I do know that as h approaches 0, $\sqrt{(v+4+h)}$ approaches $\sqrt{v+4}$, so I thought that maybe I could simplify some of the square roots that way
$$DQ=\lim_{h \to 0} \frac{(v\sqrt{(v+4)^2} + h\sqrt{(v+4)^2} + 4\sqrt{(v+4)^2} - v\sqrt{(v+4)^2} -4\sqrt{(v+4)^2})}{\sqrt{(v+4)^2}*\sqrt{(v+4)^2}*h}$$
$$DQ=\lim_{h \to 0} \frac{(v\sqrt{(v+4)^2} - v\sqrt{(v+4)^2}+ 4\sqrt{(v+4)^2} -4\sqrt{(v+4)^2} + h\sqrt{(v+4)^2} )}{(v+4)^2*h}$$
$$DQ=\lim_{h \to 0} \frac{h\sqrt{(v+4)^2}}{(v+4)^2*h}$$
$$DQ=\frac{\sqrt{(v+4)^2}}{(v+4)^2}$$
$$DQ=\frac{|v+4|}{(v+4)^2}$$
, but it's also kinda fishy to me since I haven't cancelled out h yet.
Any thoughts?
Solution:
If a function is differentiable at $x=x_0$, then it is continuous at $x=x_0$. Now if your function was differentiable at $v=-4$ then it would imply it is also continuous. But we know the function is not continuous at $v=-4$, since left limit and right limit are different at $v=-4$.

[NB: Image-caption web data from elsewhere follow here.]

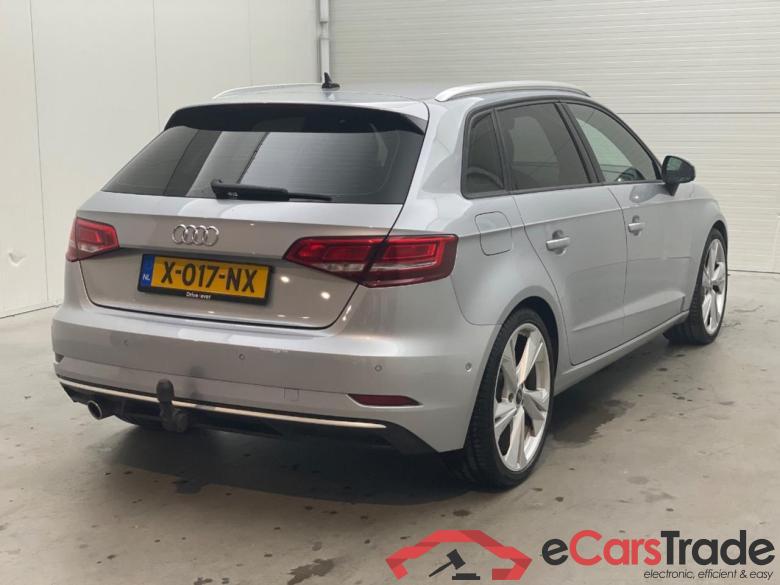 AUDI A3 SPORTBACK 30 TFSI Sport #4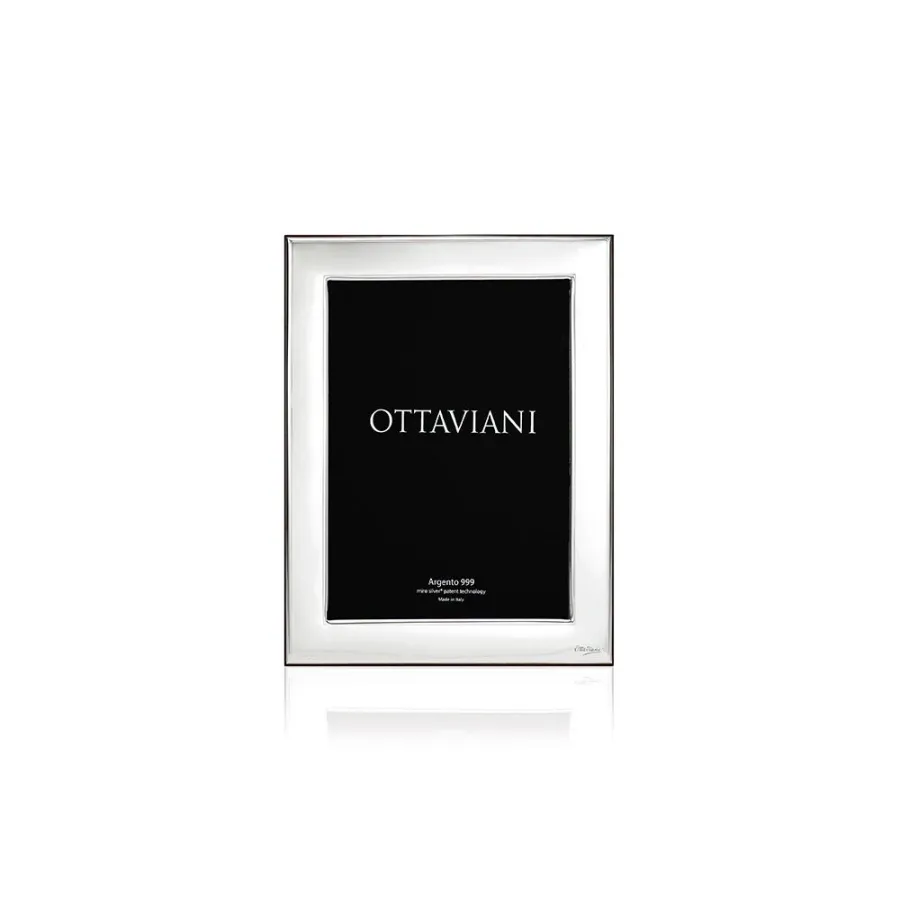 obrazek 1 Prestiżowa ramka na zdjęcia „Lustro” o wymiarach 9×13 cm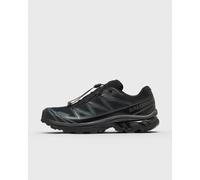 Salomon XT-6 GORE-TEX men Lowtop black in taglia:45 1/3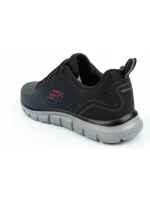 Boty Skechers Track M 232399/BKCC Boty Skechers Track M 232399/BKCC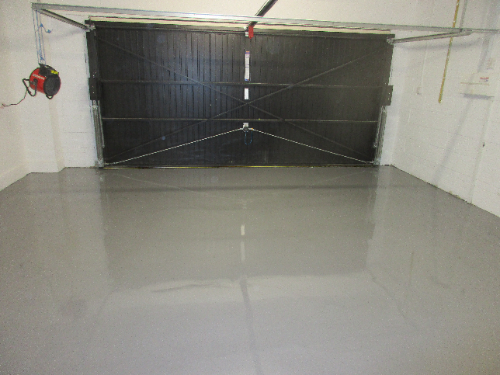 Seamless Garage Flooring Specialists County Durham Seamless Garage Flooring Specialists County Durham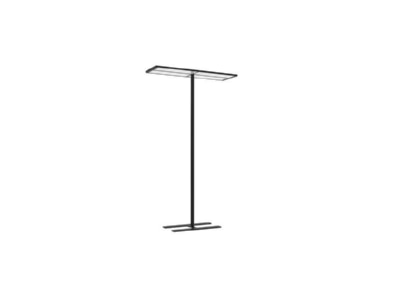 Product image detailed view Brumberg 77414174MS Floor lamp 4x240W LED not exchangeable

Note that the left limit is -1 and the right limit is +1.
But if you are solely concerned "How to cancel out h in the limit"
Just take the case where $v>-4$, then you can remove the absolute value. Then do the same for $v<-4$